US regulator demands Boeing modify 737 MAX after Ethiopia crash

Not since the 1970s has a new aircraft model been involved in two deadly accidents in such a short period.

    US regulator demands Boeing modify 737 MAX after Ethiopia crash
    The first Boeing 737 MAX 7 is unveiled in Renton, Washington, in February 2018 [Jason Redmond/Reuters]

    US regulators ordered Boeing to make urgent improvements to the best-selling jet involved in a deadly Ethiopia plane crash - but ruled out grounding the fleet as investigators worked to piece together the aircraft's final moments.

    The Ethiopian Airlines Boeing 737 MAX 8 crashed minutes into a flight to Nairobi on Sunday, killing all 157 people on board and prompting airlines across the world to begin withdrawing the model from schedules.

    The US Federal Aviation Administration (FAA) said it was working with local authorities and the National Transportation Safety Board and may soon share safety information concerning the aircraft.

    "If we identify an issue that affects safety, the FAA will take immediate and appropriate action," it said in a statement.

    The FAA said it was ordering Boeing to make improvements to anti-stalling software and the manoeuvring system, giving the company until the end of April to make the updates. A team of US aviation experts from the FAA was at the site on Tuesday.

    Tamrat Abera, a witness who saw the plane go down, told The Associated Press smoke was coming out of the rear and the aircraft rotated twice before hitting the ground.

    Indonesia crash

    The Ethiopian Airlines aircraft was the same type as the Indonesian Lion Air plane that crashed in October, killing 189 passengers and crew.

    Not since the 1970s - when the McDonnell Douglas DC-10 had successive fatal incidents - has a new model been involved in two deadly accidents in such a short period.

    There are still unanswered questions about the causes of the Lion Air crash, and officials and safety experts said it was too soon to draw links with the Ethiopian Airlines incident.

    Aviation consultant Keith Mackey told Al Jazeera the profiles of the two crashes were different, noting the Lion Air plane climbed to 1,800 metres before diving, while the Ethiopian Airlines aircraft reached only 300 metres before plummeting to the ground.  

    "This is completely different to what happened to Lion Air, and that's going to be part of the investigation - determining what the differences were, if there were any similarities between the two situations, and then finding and correcting the cause," Mackey said.

    The FAA acknowledged the crashes were being linked in media reports but said the investigation had "just begun" and so far no data had been provided to "draw any conclusions or take any actions".

    Airlines in Brazil, China, Ethiopia, Indonesia, South Africa, Mexico and other countries said they were suspending operations of their 737 MAX 8 fleets. Pilots from Argentina's Aerolineas Argentinas refused to fly the aircraft.

    Boeing responds

    Boeing on Monday confirmed it will deploy a software upgrade to the 737 MAX 8, a few hours after the FAA directive to do so came down.
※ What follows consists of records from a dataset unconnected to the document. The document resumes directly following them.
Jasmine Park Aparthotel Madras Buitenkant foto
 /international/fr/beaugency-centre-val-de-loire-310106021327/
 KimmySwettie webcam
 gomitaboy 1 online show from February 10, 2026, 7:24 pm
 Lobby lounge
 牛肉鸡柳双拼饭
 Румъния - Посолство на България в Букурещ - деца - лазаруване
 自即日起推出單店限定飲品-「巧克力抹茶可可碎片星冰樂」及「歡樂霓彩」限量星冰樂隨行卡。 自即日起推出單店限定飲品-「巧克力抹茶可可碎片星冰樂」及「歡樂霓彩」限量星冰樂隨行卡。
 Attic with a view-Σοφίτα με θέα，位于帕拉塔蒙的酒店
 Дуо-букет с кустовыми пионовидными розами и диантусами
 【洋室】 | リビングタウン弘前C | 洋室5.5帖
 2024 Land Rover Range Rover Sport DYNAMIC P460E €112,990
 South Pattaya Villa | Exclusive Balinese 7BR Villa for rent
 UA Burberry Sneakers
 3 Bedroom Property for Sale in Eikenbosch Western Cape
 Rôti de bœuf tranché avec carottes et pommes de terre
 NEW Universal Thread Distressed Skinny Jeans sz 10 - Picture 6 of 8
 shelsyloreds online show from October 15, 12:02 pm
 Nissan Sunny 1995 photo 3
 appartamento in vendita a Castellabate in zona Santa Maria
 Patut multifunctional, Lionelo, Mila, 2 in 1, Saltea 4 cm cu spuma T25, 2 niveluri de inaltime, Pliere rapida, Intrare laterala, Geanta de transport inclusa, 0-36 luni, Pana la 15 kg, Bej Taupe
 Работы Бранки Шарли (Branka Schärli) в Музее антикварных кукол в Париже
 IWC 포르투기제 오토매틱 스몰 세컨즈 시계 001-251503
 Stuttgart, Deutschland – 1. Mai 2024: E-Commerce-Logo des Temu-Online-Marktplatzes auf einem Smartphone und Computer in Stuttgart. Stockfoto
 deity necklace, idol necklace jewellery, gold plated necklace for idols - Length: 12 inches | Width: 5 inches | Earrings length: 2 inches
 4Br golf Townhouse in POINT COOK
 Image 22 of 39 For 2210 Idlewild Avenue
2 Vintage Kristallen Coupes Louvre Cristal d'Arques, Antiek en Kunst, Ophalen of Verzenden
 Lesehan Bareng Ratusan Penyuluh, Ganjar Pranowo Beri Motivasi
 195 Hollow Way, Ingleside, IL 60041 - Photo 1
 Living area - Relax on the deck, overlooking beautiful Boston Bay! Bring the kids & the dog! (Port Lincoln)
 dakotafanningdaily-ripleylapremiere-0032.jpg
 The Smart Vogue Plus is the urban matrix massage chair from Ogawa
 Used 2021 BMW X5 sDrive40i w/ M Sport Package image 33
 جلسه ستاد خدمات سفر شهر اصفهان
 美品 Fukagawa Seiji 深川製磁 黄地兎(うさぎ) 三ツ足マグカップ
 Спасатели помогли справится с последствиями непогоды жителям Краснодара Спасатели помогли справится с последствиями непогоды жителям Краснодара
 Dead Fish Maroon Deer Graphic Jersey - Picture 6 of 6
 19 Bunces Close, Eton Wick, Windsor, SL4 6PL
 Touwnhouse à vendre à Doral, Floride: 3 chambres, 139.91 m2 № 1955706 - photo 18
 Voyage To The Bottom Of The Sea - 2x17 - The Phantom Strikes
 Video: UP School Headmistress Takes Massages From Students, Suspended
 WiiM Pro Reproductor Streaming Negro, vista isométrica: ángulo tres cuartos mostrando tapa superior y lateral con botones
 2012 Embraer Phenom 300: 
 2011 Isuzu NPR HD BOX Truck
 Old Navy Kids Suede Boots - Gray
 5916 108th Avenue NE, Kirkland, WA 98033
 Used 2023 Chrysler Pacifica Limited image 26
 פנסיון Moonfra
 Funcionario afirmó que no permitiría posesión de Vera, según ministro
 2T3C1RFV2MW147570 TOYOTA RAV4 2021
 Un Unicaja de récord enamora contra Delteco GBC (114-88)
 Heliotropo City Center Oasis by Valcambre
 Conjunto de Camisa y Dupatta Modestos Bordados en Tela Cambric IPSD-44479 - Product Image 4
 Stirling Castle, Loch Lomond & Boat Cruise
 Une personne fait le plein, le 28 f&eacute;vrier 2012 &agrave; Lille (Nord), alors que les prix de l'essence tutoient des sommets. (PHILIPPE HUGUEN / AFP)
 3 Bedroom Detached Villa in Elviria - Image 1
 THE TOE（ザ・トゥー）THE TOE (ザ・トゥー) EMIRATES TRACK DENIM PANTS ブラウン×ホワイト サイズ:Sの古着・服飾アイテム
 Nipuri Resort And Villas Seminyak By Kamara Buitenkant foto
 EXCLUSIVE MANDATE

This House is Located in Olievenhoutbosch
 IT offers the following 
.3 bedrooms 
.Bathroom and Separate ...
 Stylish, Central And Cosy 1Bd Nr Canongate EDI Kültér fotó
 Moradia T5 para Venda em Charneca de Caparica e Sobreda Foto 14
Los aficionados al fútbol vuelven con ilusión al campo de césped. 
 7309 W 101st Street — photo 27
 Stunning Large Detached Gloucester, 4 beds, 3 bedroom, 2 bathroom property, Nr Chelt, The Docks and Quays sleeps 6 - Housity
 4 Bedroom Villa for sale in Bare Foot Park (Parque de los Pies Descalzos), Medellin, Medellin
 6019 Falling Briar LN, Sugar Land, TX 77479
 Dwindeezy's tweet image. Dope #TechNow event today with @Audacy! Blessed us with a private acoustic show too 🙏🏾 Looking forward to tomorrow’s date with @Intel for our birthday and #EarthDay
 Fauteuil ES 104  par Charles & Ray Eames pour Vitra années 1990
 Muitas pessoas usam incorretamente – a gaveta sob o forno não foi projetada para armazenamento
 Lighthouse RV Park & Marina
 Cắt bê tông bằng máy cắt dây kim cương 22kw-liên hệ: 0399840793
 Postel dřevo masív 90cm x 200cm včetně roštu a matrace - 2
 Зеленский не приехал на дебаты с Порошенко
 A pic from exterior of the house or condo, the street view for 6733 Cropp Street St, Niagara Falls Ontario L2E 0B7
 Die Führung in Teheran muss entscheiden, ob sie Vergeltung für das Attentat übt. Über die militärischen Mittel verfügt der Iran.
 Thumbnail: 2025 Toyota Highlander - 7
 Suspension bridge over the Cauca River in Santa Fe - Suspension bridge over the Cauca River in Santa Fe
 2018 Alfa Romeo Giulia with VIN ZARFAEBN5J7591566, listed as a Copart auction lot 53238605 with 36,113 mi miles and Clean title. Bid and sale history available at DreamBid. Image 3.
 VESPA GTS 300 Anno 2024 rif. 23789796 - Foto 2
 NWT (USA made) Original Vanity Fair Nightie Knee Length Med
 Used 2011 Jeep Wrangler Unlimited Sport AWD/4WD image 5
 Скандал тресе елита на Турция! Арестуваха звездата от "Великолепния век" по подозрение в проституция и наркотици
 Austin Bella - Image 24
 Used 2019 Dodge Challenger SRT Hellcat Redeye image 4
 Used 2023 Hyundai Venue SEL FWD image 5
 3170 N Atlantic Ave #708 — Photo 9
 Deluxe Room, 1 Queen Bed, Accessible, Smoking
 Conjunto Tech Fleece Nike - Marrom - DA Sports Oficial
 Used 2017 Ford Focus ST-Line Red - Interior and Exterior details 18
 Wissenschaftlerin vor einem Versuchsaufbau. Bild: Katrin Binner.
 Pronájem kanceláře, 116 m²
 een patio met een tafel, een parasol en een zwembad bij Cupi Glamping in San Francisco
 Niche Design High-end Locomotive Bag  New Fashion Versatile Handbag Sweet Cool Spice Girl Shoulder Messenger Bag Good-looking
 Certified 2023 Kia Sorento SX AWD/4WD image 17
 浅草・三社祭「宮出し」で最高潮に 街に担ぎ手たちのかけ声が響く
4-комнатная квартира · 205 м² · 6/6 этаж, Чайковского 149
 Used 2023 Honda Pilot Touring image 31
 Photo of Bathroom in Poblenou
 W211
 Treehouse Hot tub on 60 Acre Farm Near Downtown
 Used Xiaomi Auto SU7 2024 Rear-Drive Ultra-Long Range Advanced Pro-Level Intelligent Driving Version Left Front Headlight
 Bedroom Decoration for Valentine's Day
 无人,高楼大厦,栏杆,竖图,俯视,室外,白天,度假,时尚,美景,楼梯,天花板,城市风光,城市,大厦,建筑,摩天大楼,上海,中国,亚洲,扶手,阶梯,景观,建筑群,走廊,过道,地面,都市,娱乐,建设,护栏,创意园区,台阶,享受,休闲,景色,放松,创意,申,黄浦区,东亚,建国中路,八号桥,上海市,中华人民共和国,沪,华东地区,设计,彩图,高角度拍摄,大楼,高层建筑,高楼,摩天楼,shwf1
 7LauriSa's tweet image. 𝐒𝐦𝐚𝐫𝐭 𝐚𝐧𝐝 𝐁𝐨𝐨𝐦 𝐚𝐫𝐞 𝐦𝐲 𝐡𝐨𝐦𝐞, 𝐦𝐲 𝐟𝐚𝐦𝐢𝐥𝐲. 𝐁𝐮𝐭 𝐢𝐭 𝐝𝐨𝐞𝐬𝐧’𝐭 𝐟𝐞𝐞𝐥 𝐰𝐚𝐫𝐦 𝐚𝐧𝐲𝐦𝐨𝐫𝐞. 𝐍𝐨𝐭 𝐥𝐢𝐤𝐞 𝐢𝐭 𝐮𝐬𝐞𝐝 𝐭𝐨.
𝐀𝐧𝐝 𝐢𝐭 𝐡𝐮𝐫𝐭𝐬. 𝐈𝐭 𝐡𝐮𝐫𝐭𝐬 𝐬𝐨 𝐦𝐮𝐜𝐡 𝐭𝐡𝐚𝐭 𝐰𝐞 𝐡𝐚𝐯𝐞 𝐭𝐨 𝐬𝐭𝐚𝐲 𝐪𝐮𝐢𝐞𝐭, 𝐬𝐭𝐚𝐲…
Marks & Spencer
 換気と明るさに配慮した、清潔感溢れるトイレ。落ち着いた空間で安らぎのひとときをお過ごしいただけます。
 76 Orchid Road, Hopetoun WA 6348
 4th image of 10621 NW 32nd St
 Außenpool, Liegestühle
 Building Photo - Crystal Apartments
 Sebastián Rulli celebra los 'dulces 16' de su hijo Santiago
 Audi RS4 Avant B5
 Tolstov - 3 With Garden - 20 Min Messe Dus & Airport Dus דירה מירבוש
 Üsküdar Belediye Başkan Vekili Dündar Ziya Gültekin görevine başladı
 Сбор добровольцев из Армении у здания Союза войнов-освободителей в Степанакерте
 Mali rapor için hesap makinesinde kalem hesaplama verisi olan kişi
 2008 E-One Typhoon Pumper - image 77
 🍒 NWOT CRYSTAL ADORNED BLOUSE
    The company said in the aftermath of October's Lion Air Flight crash that it had, for several months, "been developing a flight control software enhancement for the 737 MAX, designed to make an already safe aircraft even safer". The software upgrade "will be deployed across the 737 MAX fleet in the coming weeks," it said in a statement.

    Boeing did not reference Sunday's crash in connection to the software upgrade.

    "We are confident in the safety of the 737 MAX and in the work of the men and women who design and build it," Boeing Chief Executive Officer Dennis Muilenburg told employees in an email seen by Reuters news agency on Monday.

    "Since its certification and entry into service, the MAX family has completed hundreds of thousands of flights safely.

    "Speculating about the cause of the accident or discussing it without all the necessary facts is not appropriate and could compromise the integrity of the investigation," Muilenburg told his staff.

    Investigators recovered the black box flight recorders from the airliner, which went down near Addis Ababa, just six minutes after take-off after the pilot alerted controllers of "difficulties".

    There were passengers and crew from 35 countries on board, including some two dozen UN staff.

    Ethiopia decreed Monday a day of national mourning.